For easy visualisation, try to imagine all the vertices in horizontal line

The value 5+6=11 seems legit, however it will not give MST as,

it would be much better to connect 6 with 4 as we can get 6+4 = 10.

Basically MST can be obtained if we connect alternate edges,

with only exception of vertices 1 and 2.

 

3 + 4 + 6 + 8 + 10 = 31

 

Q1. Why this technique will give MST ?

Q2. Why only 1 and 2 should be joined horizontally ?

 

A1. we only have two ways to join two vertices either consecutively or alternate.

we just saw how continous joining was inefficient as compared to alternate.

 

A2. When we make these types of alternate pairing we will be left with two sets of even and odd numbers

in order to join these two sets we select the minimum from both of them

here,  1 is from the odd set

   and 2 is from even set.

 

 

Answer 2

In this question, sum of weights of mst for distinct values of n is following a pattern.

Ex.

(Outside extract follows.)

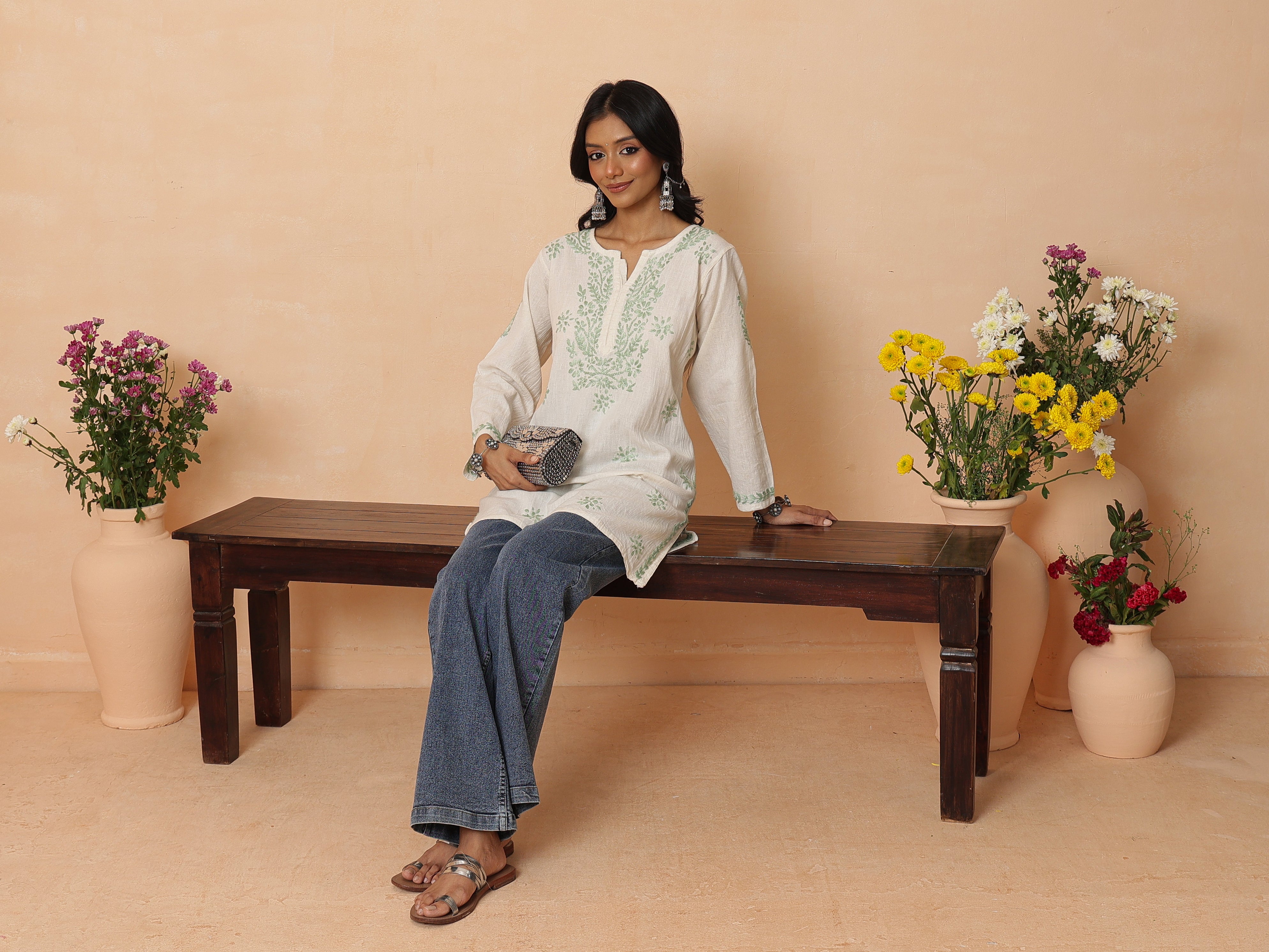 Ada Hand Embroidered Off White & Green Linen Lucknowi Chikankari Short Kurti A911590_4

For n= 4, we have,

Sum of weight of mst = 3(v1->V2) + 4(v1->v3)+ 6 (v2->v4) 

For n =5 , we have,

Sum of weights of mst = same as weight of mst for n=4 + 8(v3->v5)

We are observing two patterns here: 

1) first is the weight of mst for n nodes is given by ----- weight of mst with n-1 nodes + (maximum weight of edge in mst having n-1 nodes + 2).

2) and the second pattern is in the edges we are taking.  Like in n=4, the last edge we have taken is (v2->v4) , then in n=5, the last edge taken is from (v3->v5) and the rest edges are same as that of n=4, similarly for n=6, the edge taken would be from v4->V6, for n=7 , it would be from v5-> v7...and so on.

Now for n=10, we have to find weight of path form v5to V6.

The pattern for the mst would be :- 

3(v1->V2) + 4(v1->v3) + 6(v2->v4) + 8(v3->v5) + 10(v4->V6) +12(v5->v7).......so on.

Sum of path from v5- to V6 in mst = 8(v5->v3) +4(v3->v1) + 3(v1->V2) + 6(v2->v4) + 10(v4->V6) = 31 .

so, 31 is the answer.